Linux in the Real World
This article describes an exciting and important new system that is being built on Virginia Power's Linux platform—a virtual SCADA (Supervisory Control and Data Acquisition) system that will provide a cost-effective and flexible alternative to traditional SCADA connectivity. Whereas last month's story was an epic software adventure with a cast of several, this month's story is more of a documentary of the new additions being added to our Linux house. As this is being written, the frame is up, the roof is on, and the drywall is in place. However, the joists are still visible and a good bit of plumbing has yet to be added. Don't worry—with virtual hard hats in place and source code hammers handy, we should be able to visualize the finished rooms easily. (Besides, as you read this, the system is finished. Magazines are wonderful time machines.)

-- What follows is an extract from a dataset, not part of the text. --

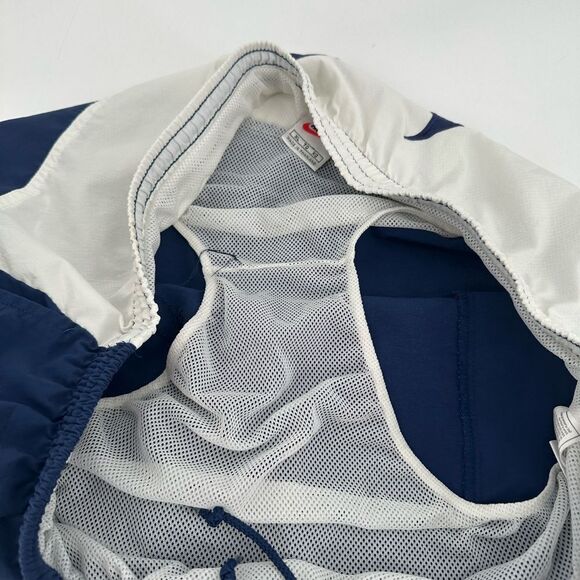 Vintage Nike Men's XL Running Shorts Nylon Blue BIG SWOOSH 90s Y2K White Tag - Picture 7 of 11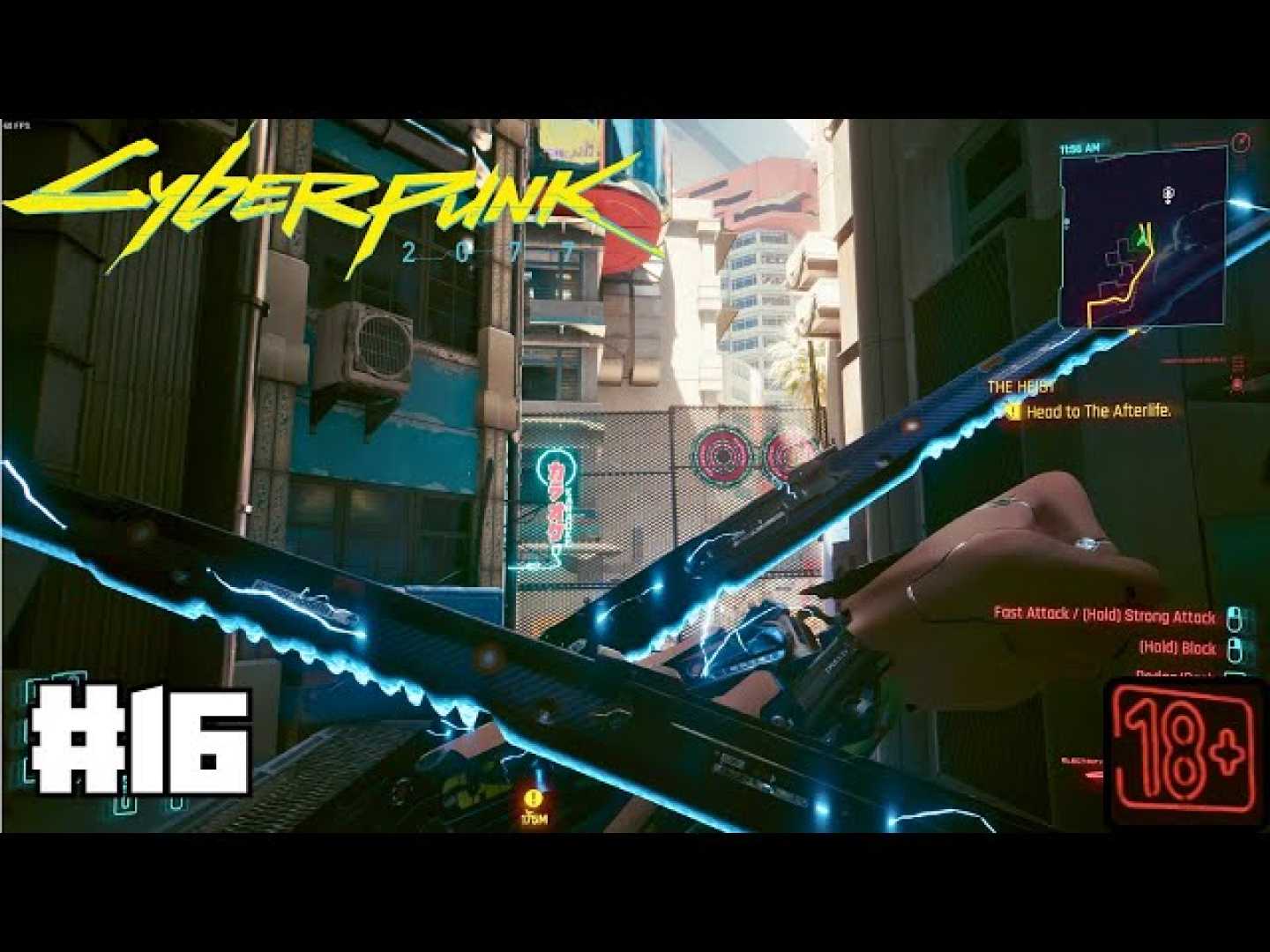 Cyberpunk 2077 No Cyberware Gameplay Screenshot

But first, for those of you who may have missed last month's article, a little foundation on SCADA. As far as electric utilities are concerned, SCADA means the retrieval of real-time analog and status data from various locations in the service territory through remote terminal units (RTUs) installed in substations. This information is obtained by central master computers, where it is stored, analyzed, and presented to system operators who are responsible for maintaining the integrity and reliability of the transmission and distribution grid. When necessary, these operators can also remotely operate field devices like line breakers and capacitor banks by sending control commands from the master computer out to the RTUs. The master computers themselves even contain feedback algorithms that automatically operate some devices based on system conditions.
At Virginia Power, the standard medium of communication between RTUs and SCADA master computers is the dedicated serial line, often leased from the local phone company. Several RTUs can be multi-dropped off a single dedicated line (up to 16, a limitation imposed by our currently-used SCADA protocol), but geographical limitations tend to prevent as much sharing of dedicated lines as might be desirable. At the risk of over-simplifying, we can imagine one dedicated line per RTU, giving us a traditional SCADA system something like that shown in Figure 1 (see below).
The advantages of a dedicated connection are pretty obvious: constant data availability and quick response when system conditions require a control action of some sort (such as opening or closing a breaker or capacitor bank). In the case of generation stations or large, high-voltage substations, any other type of monitoring is unthinkable.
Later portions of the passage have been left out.